The company offers a multisignature bitcoin wallet service, where keys are divided among a number of owners to manage risk. Generally, BitGo wallets have three keys: one held by BitGo, and two held by the wallet's owner. Wallets can be configured in both hot and cold configurations, as well as non-custodial and custodial configurations.

BitGo also serves as the sole custodian for bitcoin that people deposit to receive a tokenized form of that bitcoin known as Wrapped Bitcoin or WBTC that can be exchanged on the Ethereum blockchain.

History 
In June 2014 the company received US$12 million in venture capital funding led by Redpoint Ventures.

In January 2015 BitGo announced the general availability of their Platform API. The following month the company bought an insurance policy from XL Catlin against theft from its wallets.

On August 2, 2016, Bitfinex, a digital currency exchange using BitGo software,  announced it had suffered a security breach.

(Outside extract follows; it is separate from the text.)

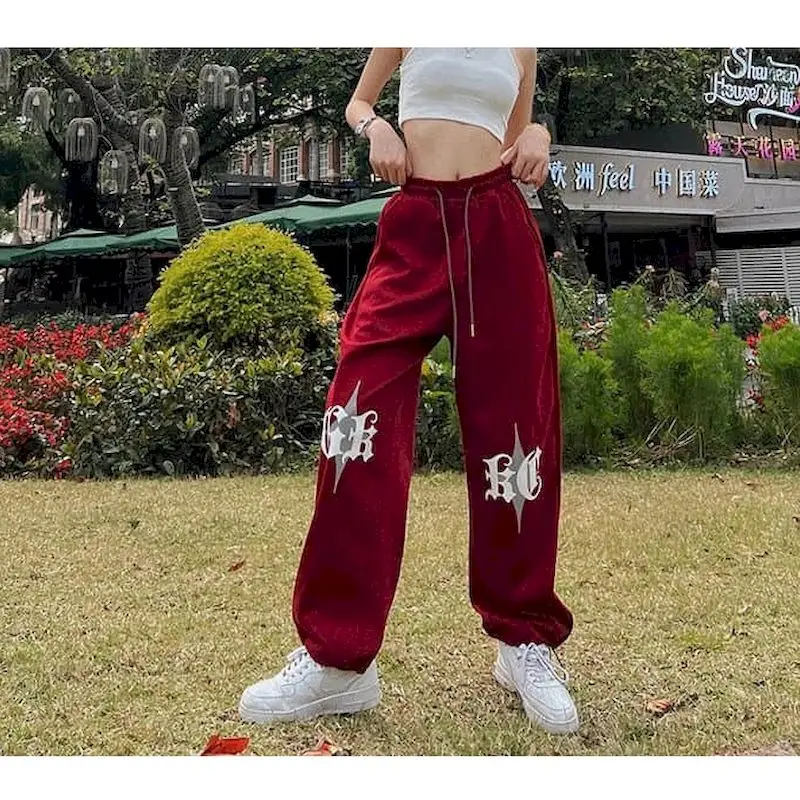 

Drawstring Pants Casual High Street Pants Oversized Trousers Women Loose Korean Style Sport Sweatpants Leggings Hip-hop Pants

BitGo was not itself hacked, but processed withdrawal requests from the hacker, who had obtained access to Bitfinex's keys.

In September 2018, BitGo was approved by the South Dakota Division of Banking to act as a qualified custodian for digital assets and created BitGo Trust Company.

In October 2018, the company raised US$15 million in venture capital funding from Goldman Sachs and Mike Novogratz's Galaxy Digital.

In December 2020, the Office of Foreign Assets Control announced that BitGo has paid $98,830 to settle apparent violations of multiple sanctions programs.

In March 2021, BitGo Receives NY Trust Charter from the New York State Department of Financial Services.

In May 2021, Galaxy Digital announced its acquisition of BitGo for $1.2 billion in a cash and stock deal, marking the first $1 billion deal in the cryptocurrency industry. In August 2022, Galaxy's Board of Directors terminated the deal following BitGo's inability to provide certain financial statements needed by Galaxy for its SEC filing. BitGo claimed that it had provided its audited financials and honored its obligations, and that it would take legal action against Galaxy and seek a $100 million termination fee.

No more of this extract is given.